Suppose there is something true in the agile ideology. Then by not applying it correctly and diminishing the meaning of its statements (were they put in there accidentally?) we just blur the ideas and set the whole purpose of agile at stake. A bit similarly to the blogger's bottom line we can ask: why do it at all if we don't believe in it? You can always make a long list of factual hindrances there are for agile transformations, but similarly you can always find a million reasons for any change not to happen.
Posted by: Benedictus | November 10, 2008 at 04:21 AM
While I agree with most of your points I strongly disagree with that one:
"Picking what parts of Scrum or XP are appealing to the PM, Scrum Master, or product owner, and ignoring the rest or superimposing waterfall as related above. Disaster often lurks right around the corner."
Actually picking what parts of Scrum/XP/any other nice methodology suits your process fine and applying only those parts is wise. If one of my projects would benefit from stand-ups why not to start them even if we don't keep 2-week iterations? If I find alue in short iterations while I don't have designated scrum master what keeps me from implementing it?

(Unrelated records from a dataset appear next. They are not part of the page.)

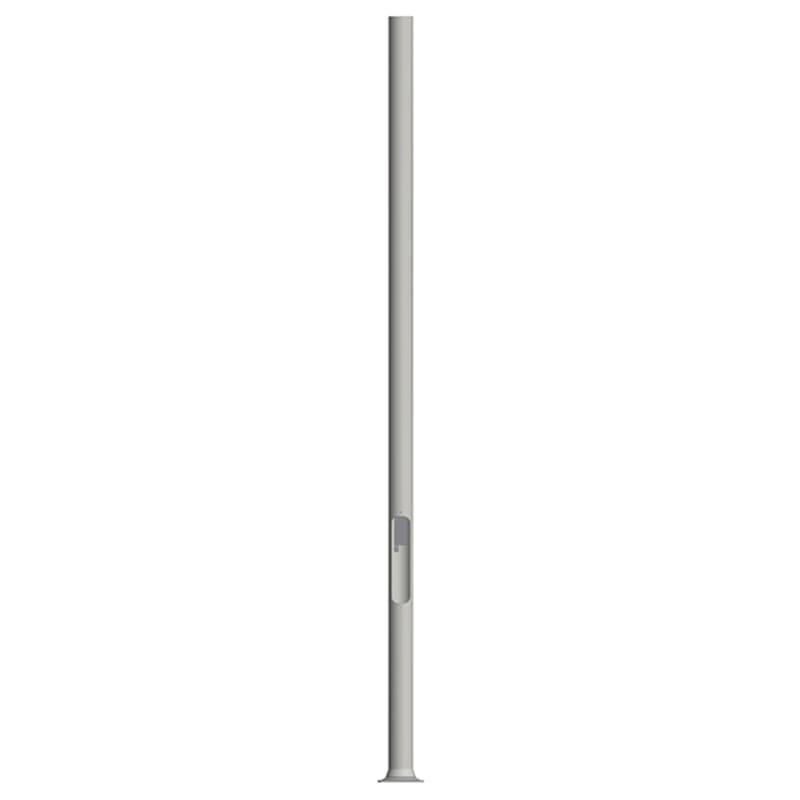Vik Orsta 10004068 Cylindrical Lighting Mast 3.5 m Ø140 with Base Plate CombiCoat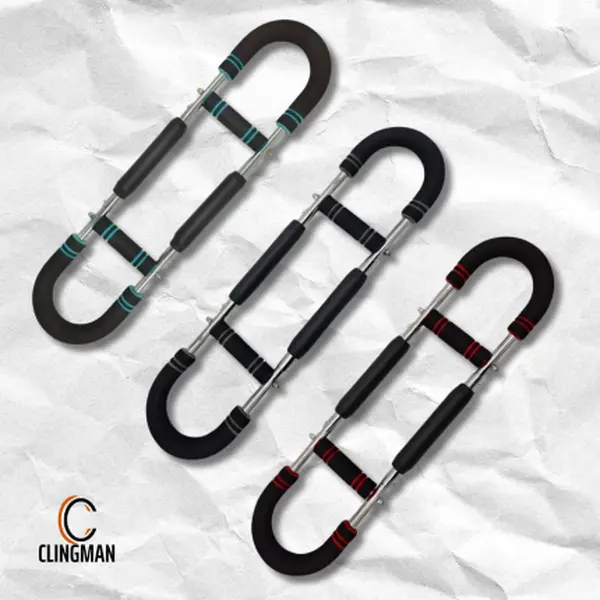 Clingman Crush Bundle (60/90/110lbs) | Full Set Chest, Arm & Back Twister Trainers | Adjustable Upper Body Resistance Kit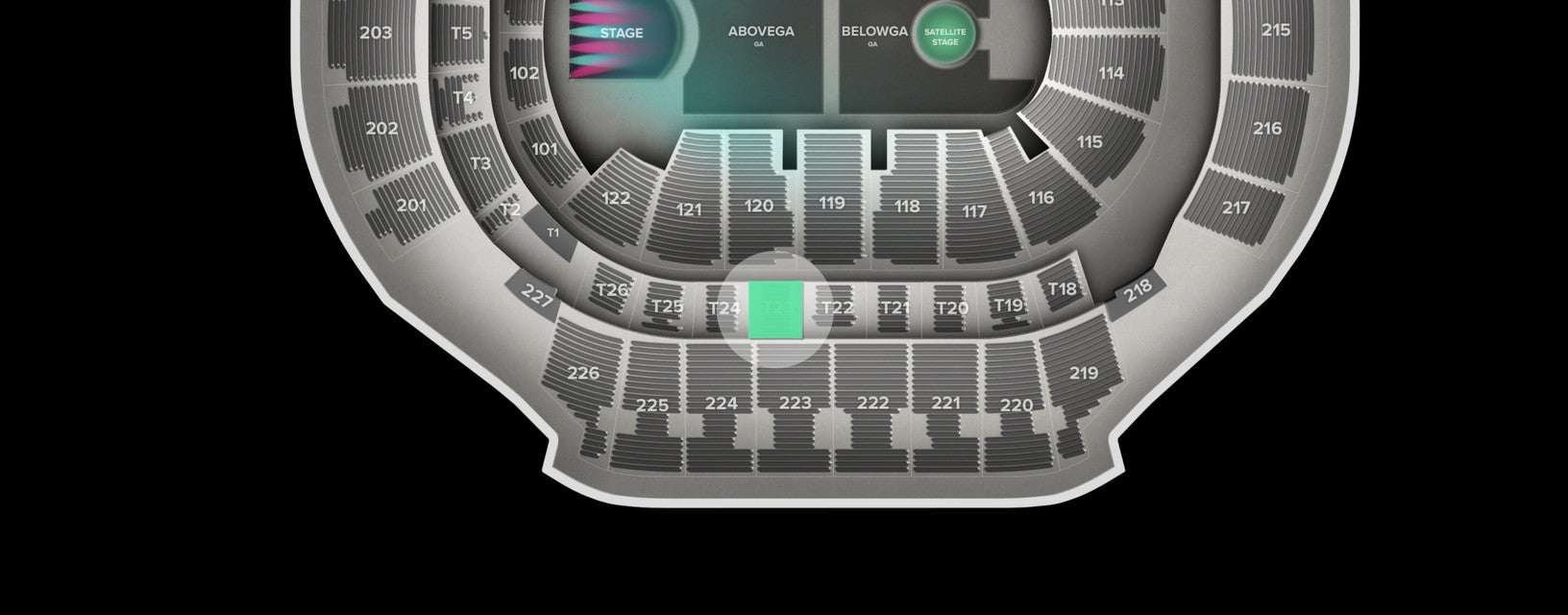 Seat view from Suite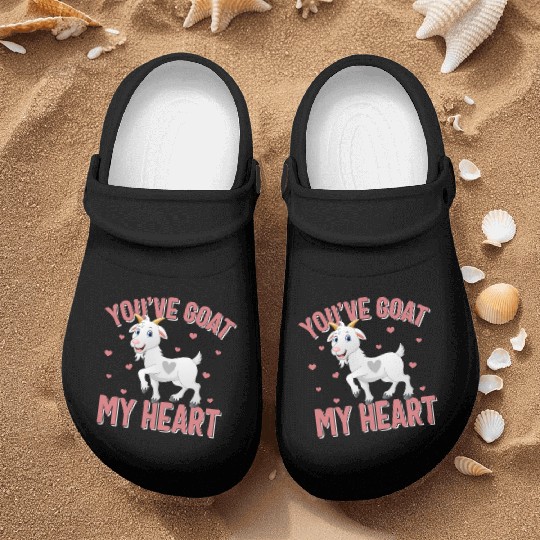 Valentines Day Nurse Clogs, You've Goat My Heart Nurse Clogs,
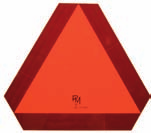lišta obdelník-vlek (709) zadní, červené LED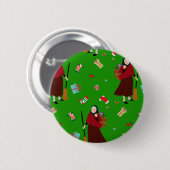 Weihnachtswitz Befana Button (Vorne & Hinten)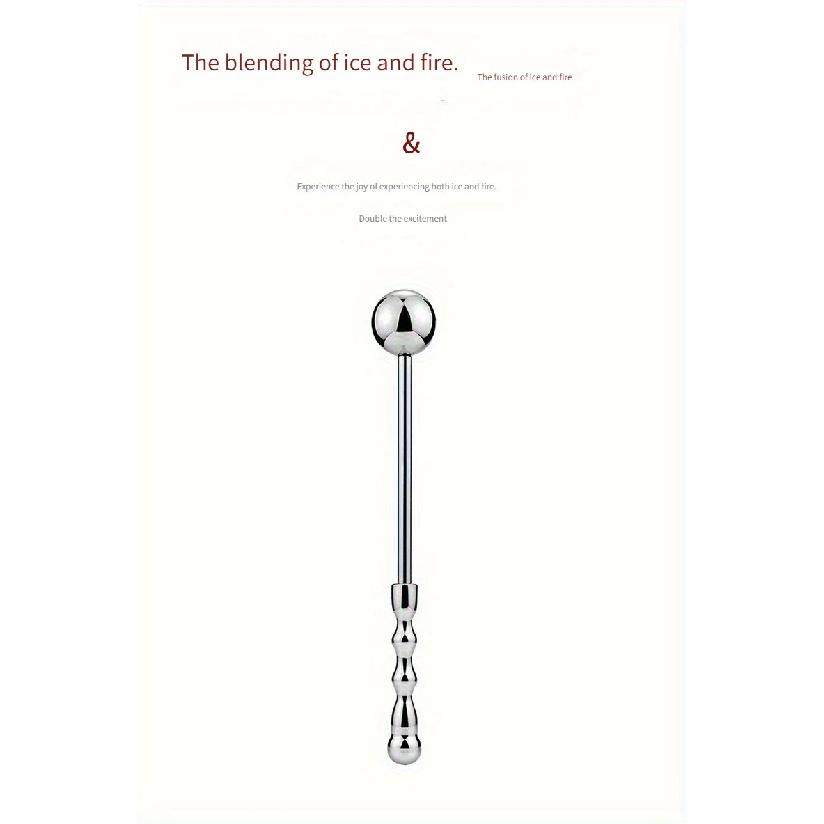 Male Stainless Steel Anal Plug Butt Beads G Spot Wand Male Prostate Massage Stick Double Dildo Vagina Sex Toy Anal Dildo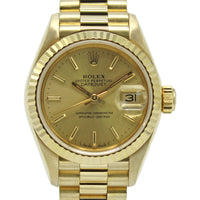 Lady Datejust 26 69178 (Champagne Baton Dial)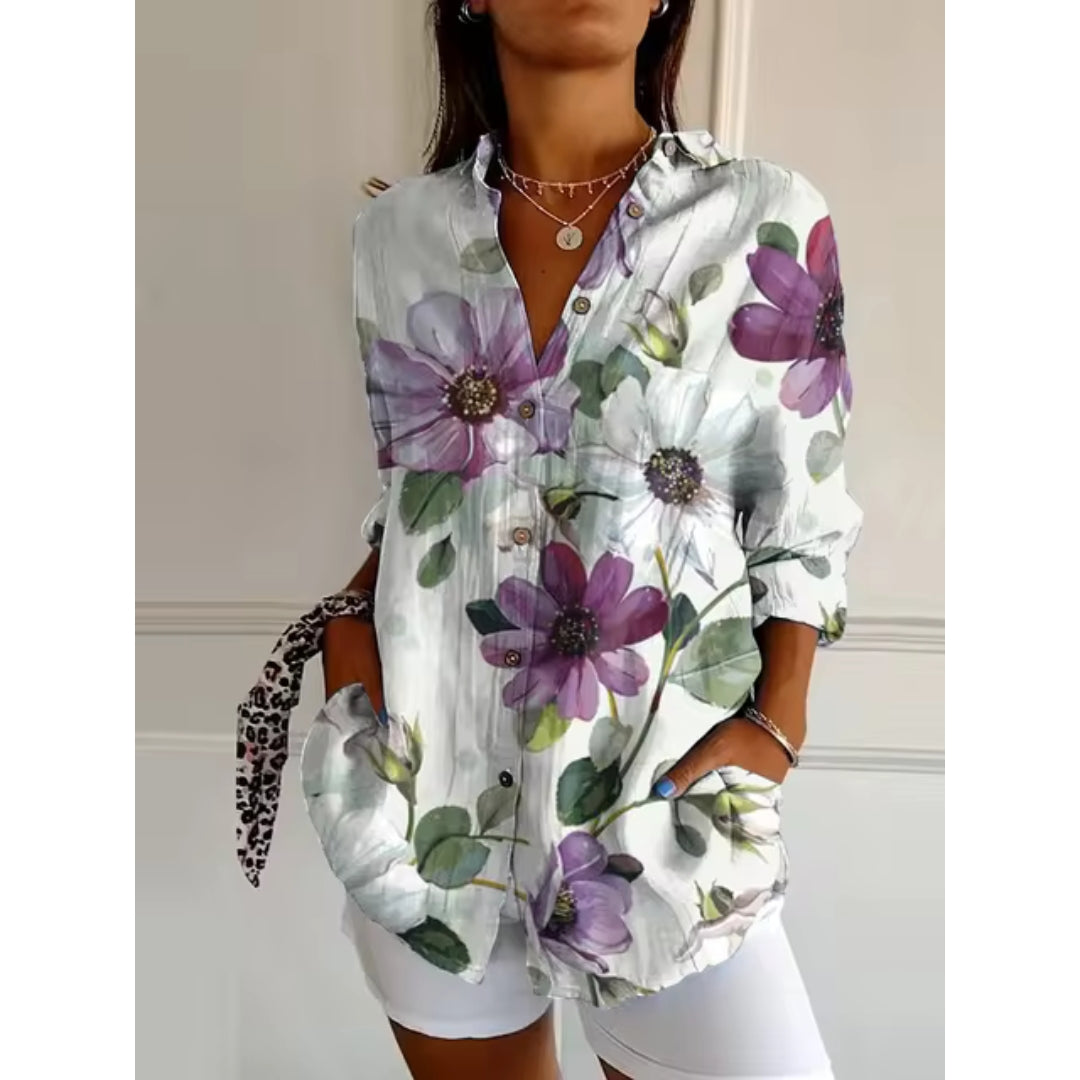 Elara Lightweight Floral Blouse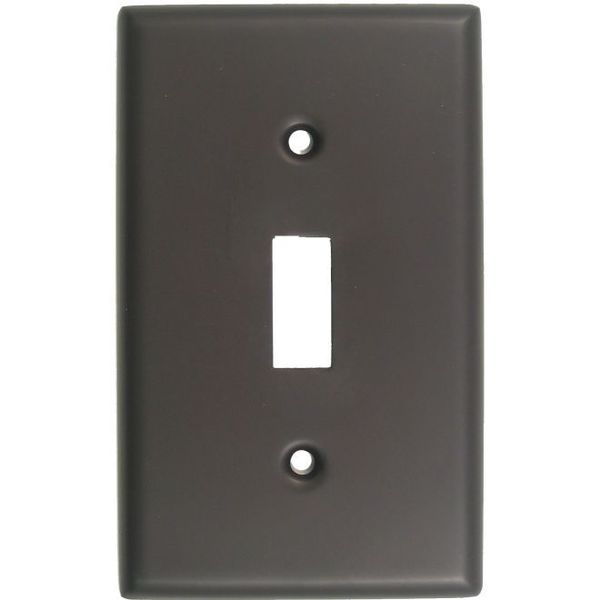 Single Switch Plate, Number of Gangs: 1 Oil Rubbed Bronze Finish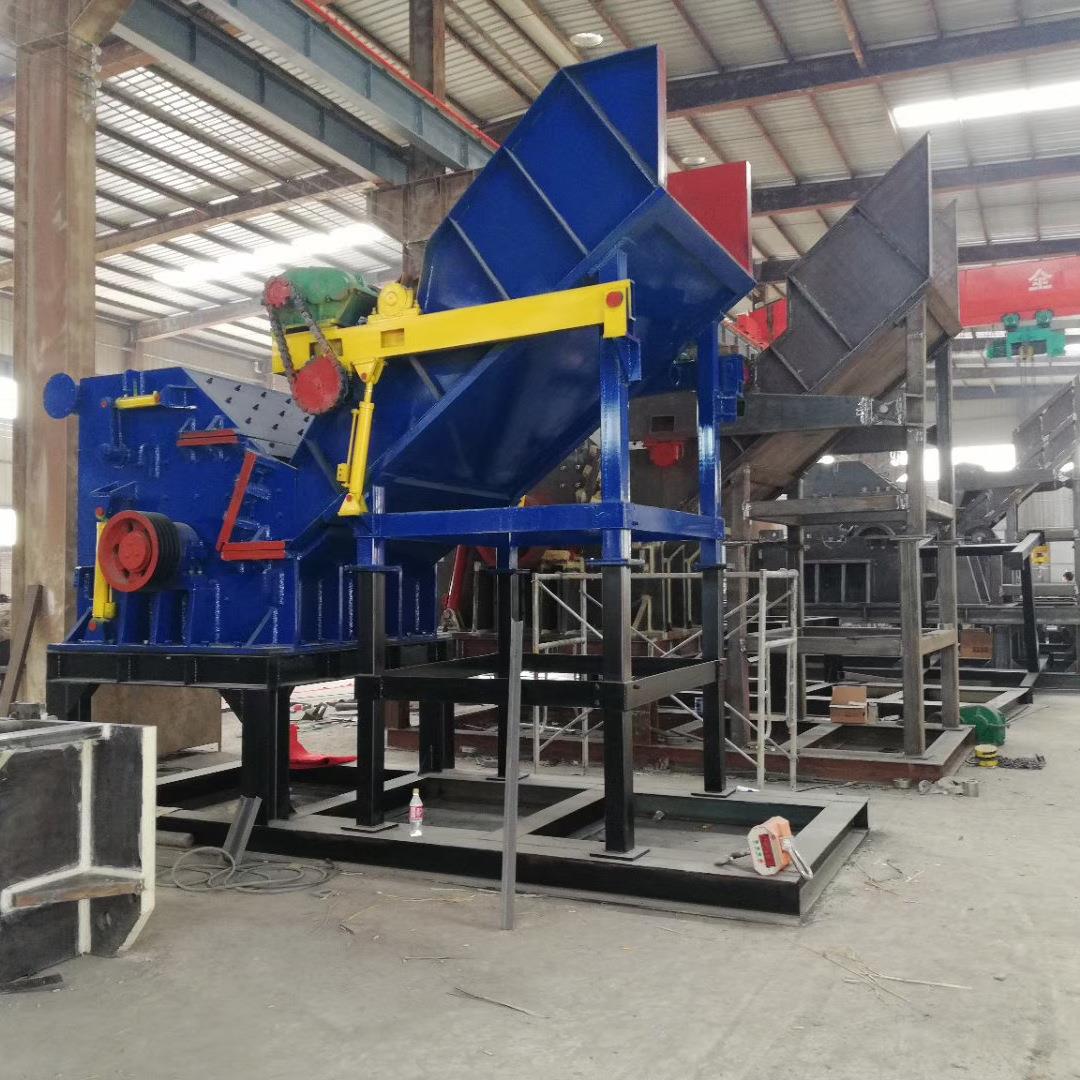 1600型金属破碎机 大铁桶汽车外壳粉碎机 自行车废铁废钢破碎机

My goal isn't to be agile or have pure-agile processes in software development. My goal is to improve my processes. You can always do it as they do it in the books - 100% implementation of some methodology - and it should work. Unfortunately it's quite an effort to go this way. On the other hand you can choose wisely different techniques from different methodologies and craft your own software development and project management process. Sure, I won't call it agile but as far as I can call it good I don't care.